Like it or not, the concept of genetically modified organisms carries a stigma, which has not been helped by years of horror movies about scientists' creations run amok. Nimmo said that Oxitec's creation is designed to do the exact opposite of Hollywood's big-budget nightmare scenarios.

"When people think of genetically modified organisms, they often think of an organism which has been designed to persist in the environment," he said. "Our released mosquitoes and their offspring are designed to die, so do not leave an environmental footprint. … We release modified Aedes aegypti males, which have one job – to mate with wild females."

Race against time

While worries about the genetically modified mosquitoes are understandable, the situation needs to be addressed soon. In January researchers from the University of Florida reported they had found two new disease-carrying mosquito species in the state, a sign that changes in the environment are making Florida more hospitable to tropical mosquitoes than ever.
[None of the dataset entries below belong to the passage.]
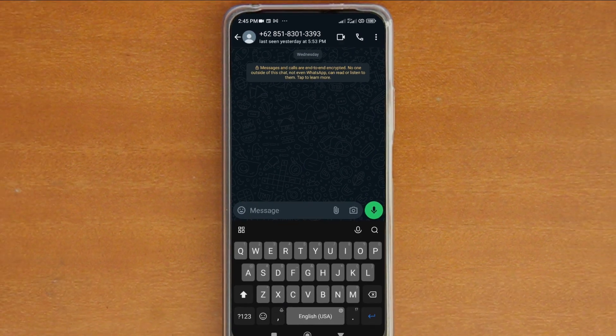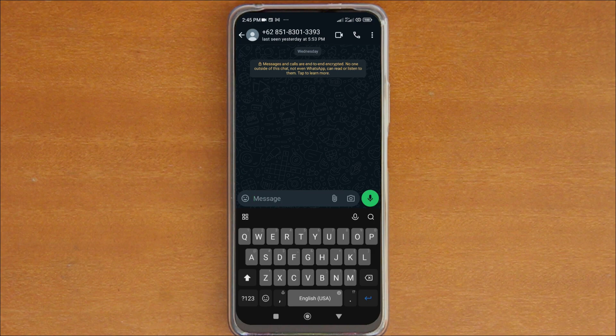Alright, so those are the two ways to send a WhatsApp message or make a WhatsApp call without saving the number. I hope you find this tutorial useful and thank you for watching.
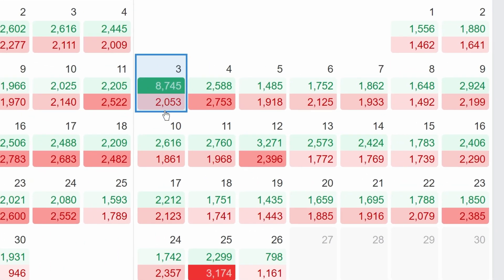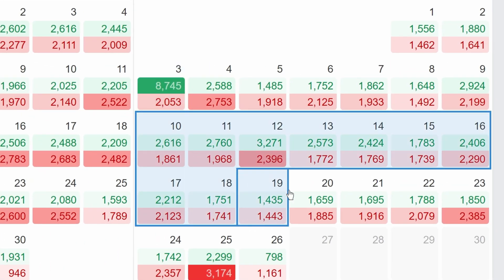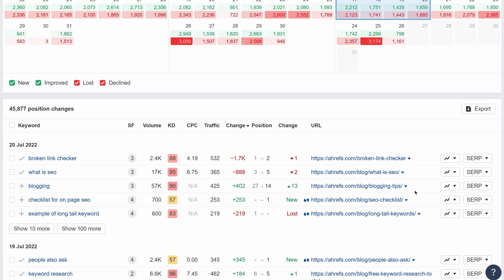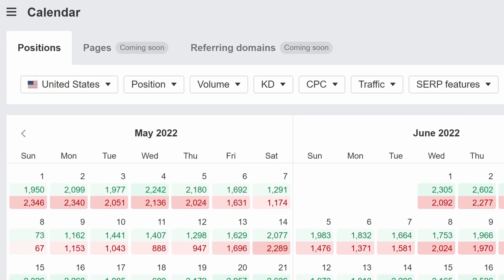You can also click and drag on the calendar itself to select several dates at once. Positions is the first calendar report, and we're working to add calendar views for new and lost organic pages, referring domains, and backlinks. The calendar report is available on standard plans for new users, and on advanced plans for legacy users.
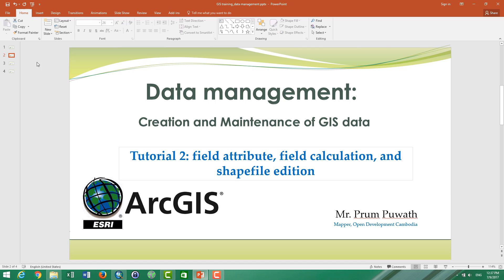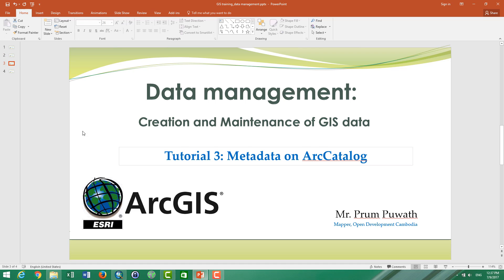For the first and second tutorials, we talk about how to organize and how to clean the files before we create the database. For the third tutorial, we talk about the metadata in our catalog — about how to write the metadata and the improvement of metadata to our data management.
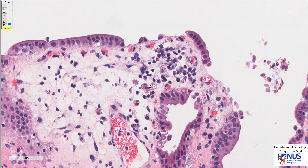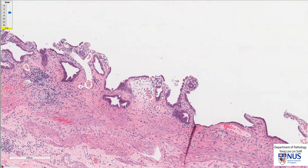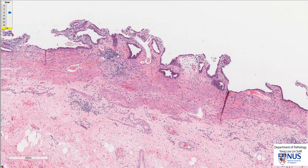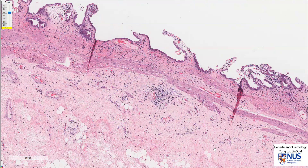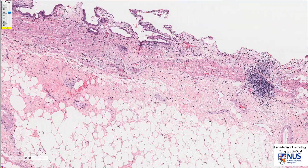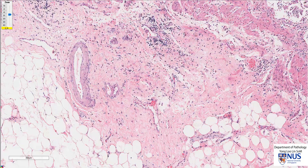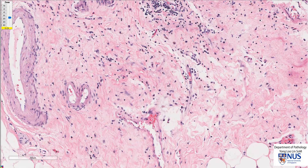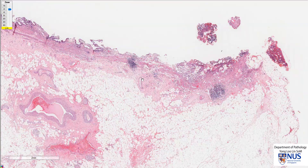We also see scattered macrophages, which have much more abundant cytoplasm. These chronic inflammatory infiltrates extend into the muscle layer and also focally into the subserosa. The subserosal tissue shows increased pinker areas composed of collagen, and you can see this more clearly here with these pink wavy collagen fibers.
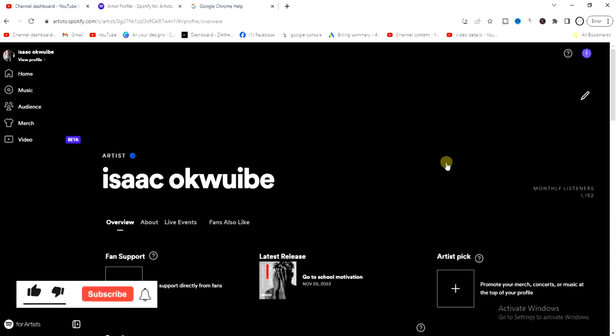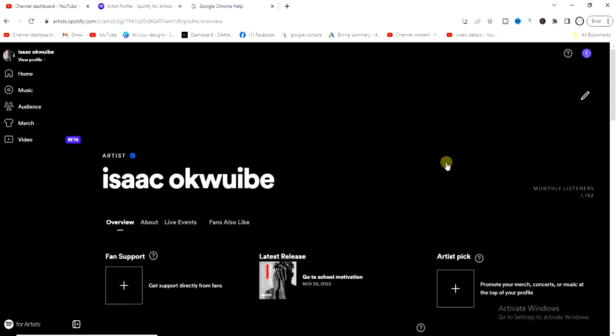That's how you can change your profile picture on Spotify. Hope this guide was helpful — if it was, give this video a like and subscribe to get more tips like this. In my next video, I'll show you how to change your Spotify artist background image. Thanks for watching and I'll see you in the next video.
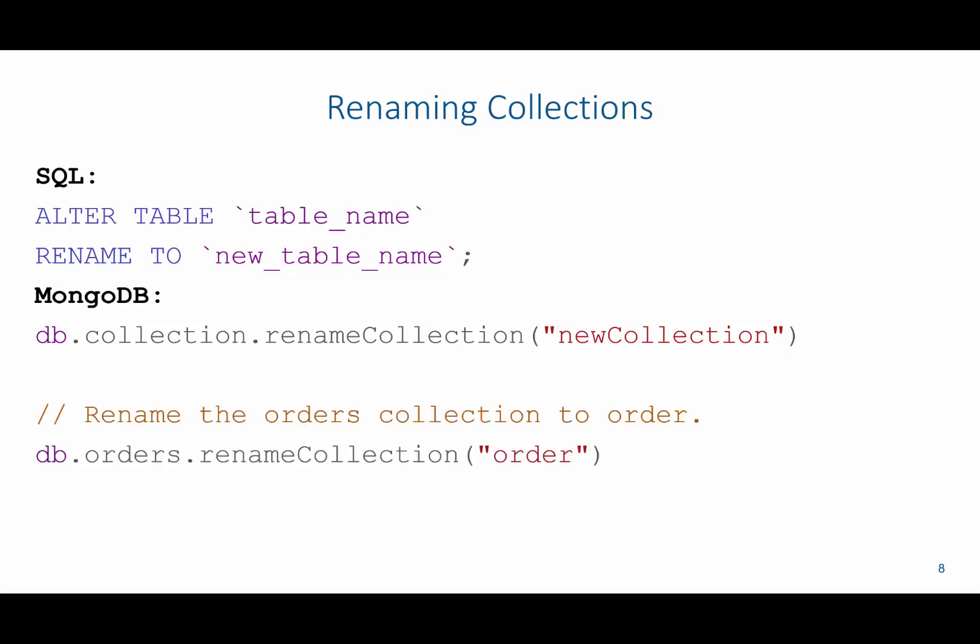So for example, if I wanted to rename the orders collection to just the order collection, I could do db.orders, dot rename collection, and then order.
It may also be the case that it's not just the Aedes aegypti mosquitoes that we need to worry about. A University of Georgia study published in February contained a model predicting that as many as 35 different mosquito species may be capable of transmitting Zika, and seven of those can be found in the continental United States. If the release of genetically modified insects is successful in reducing the Aedes aegypti population, then it may be a necessary tool in fighting this threat, which continues to gain strength.

Oxitec is currently waiting for final commercial approval for its mosquitoes in Brazil and the United States, which means it is not yet at the point of generating any revenue from its major commercial products. However, should it get the desired results and significantly hamper the threat of the Zika virus, then it will prove a safer and more cost-effective solution than insecticides in reducing the Aedes aegypti population.